Task item:
Among the lines below, a stretch begins at the one with "В замке Рагнит" and ends at the one with "3 Bedroom Townhouse". Repeat that stretch exactly, ends included.

Provided data:
== Segment start ==

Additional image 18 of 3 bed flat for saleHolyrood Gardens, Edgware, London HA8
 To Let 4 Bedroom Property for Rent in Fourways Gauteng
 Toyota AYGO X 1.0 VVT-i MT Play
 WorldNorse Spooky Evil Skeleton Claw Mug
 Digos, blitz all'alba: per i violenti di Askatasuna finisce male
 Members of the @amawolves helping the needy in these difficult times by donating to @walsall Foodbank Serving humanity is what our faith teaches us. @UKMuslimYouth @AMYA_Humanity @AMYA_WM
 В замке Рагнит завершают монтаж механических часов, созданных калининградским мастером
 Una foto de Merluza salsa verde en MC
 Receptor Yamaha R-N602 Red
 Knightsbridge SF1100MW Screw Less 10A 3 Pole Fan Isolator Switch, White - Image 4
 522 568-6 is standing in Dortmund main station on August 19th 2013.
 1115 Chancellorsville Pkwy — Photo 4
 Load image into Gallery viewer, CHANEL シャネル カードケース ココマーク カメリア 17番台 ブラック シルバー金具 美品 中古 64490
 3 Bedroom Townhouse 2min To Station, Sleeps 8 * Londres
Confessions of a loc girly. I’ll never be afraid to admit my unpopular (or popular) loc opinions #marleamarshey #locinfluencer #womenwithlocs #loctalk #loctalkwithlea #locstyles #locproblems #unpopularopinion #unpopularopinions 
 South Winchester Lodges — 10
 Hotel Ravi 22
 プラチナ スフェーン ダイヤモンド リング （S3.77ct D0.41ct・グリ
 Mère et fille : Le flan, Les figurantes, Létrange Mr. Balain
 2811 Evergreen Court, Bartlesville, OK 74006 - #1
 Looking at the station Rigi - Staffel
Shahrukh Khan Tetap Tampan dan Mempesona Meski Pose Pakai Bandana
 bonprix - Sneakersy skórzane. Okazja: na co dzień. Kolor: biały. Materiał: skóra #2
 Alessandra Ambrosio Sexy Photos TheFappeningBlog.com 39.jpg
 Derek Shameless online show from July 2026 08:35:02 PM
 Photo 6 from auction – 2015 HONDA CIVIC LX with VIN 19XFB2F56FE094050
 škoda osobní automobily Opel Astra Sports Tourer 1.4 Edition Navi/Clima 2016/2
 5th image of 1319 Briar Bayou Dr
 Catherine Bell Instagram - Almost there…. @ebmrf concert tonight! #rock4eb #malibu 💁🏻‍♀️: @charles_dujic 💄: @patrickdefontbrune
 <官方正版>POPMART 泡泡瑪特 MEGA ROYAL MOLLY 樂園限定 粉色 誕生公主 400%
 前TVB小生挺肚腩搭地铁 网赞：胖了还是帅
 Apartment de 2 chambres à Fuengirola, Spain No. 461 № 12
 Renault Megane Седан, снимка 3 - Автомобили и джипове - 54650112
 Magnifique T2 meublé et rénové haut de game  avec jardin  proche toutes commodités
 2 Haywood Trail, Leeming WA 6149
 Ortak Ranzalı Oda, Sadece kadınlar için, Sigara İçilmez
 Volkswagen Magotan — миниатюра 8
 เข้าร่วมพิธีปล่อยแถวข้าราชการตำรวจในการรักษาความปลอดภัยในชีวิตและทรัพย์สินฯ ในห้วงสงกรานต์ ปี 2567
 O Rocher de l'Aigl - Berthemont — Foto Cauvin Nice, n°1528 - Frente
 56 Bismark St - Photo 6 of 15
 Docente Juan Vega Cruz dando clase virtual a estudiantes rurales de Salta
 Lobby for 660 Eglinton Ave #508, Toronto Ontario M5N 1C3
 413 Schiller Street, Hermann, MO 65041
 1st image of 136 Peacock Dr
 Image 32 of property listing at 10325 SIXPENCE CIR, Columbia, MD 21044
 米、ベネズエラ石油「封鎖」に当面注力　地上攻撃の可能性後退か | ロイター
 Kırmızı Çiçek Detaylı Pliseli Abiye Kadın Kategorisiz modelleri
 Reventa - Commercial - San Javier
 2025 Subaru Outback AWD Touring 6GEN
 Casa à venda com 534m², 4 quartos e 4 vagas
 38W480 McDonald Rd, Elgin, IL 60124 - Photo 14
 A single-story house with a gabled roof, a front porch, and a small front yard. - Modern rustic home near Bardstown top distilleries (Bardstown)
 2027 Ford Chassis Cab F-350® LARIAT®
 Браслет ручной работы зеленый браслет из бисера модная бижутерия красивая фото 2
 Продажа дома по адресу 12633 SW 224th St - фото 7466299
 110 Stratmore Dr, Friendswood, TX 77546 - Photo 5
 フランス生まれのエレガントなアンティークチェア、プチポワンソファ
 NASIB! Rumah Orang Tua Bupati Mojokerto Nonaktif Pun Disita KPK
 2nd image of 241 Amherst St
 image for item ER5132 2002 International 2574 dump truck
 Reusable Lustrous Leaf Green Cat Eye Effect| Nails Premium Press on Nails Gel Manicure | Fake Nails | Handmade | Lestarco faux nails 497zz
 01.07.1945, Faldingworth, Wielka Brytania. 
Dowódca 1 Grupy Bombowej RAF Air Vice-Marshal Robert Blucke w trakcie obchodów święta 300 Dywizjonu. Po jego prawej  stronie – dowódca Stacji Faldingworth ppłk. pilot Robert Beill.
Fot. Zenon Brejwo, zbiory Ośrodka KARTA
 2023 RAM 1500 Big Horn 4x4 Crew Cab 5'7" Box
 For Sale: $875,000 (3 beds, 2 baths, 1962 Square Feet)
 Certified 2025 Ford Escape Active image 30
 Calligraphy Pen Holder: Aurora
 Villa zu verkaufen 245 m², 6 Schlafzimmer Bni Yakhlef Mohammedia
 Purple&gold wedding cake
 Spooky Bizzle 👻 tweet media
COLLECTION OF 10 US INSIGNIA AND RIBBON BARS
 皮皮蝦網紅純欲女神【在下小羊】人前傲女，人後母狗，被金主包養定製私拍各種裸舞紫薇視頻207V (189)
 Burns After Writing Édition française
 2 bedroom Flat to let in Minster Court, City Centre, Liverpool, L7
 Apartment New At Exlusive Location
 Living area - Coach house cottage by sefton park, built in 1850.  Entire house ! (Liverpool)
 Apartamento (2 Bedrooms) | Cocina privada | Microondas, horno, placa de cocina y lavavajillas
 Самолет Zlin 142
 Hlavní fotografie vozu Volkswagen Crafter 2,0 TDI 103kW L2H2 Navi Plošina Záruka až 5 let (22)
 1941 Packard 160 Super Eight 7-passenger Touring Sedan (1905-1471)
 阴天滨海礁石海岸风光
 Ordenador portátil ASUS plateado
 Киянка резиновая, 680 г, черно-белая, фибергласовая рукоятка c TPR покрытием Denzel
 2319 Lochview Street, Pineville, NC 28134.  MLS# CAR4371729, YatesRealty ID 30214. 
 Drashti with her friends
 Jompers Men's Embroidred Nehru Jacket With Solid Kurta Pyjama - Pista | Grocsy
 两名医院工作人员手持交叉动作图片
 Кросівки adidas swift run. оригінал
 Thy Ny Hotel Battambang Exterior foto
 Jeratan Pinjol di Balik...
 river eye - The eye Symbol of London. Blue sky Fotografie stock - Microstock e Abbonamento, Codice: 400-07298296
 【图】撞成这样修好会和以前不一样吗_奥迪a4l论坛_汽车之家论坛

== Segment end ==

Task response:
 В замке Рагнит завершают монтаж механических часов, созданных калининградским мастером
 Una foto de Merluza salsa verde en MC
 Receptor Yamaha R-N602 Red
 Knightsbridge SF1100MW Screw Less 10A 3 Pole Fan Isolator Switch, White - Image 4
 522 568-6 is standing in Dortmund main station on August 19th 2013.
 1115 Chancellorsville Pkwy — Photo 4
 Load image into Gallery viewer, CHANEL シャネル カードケース ココマーク カメリア 17番台 ブラック シルバー金具 美品 中古 64490
 3 Bedroom Townhouse 2min To Station, Sleeps 8 * Londres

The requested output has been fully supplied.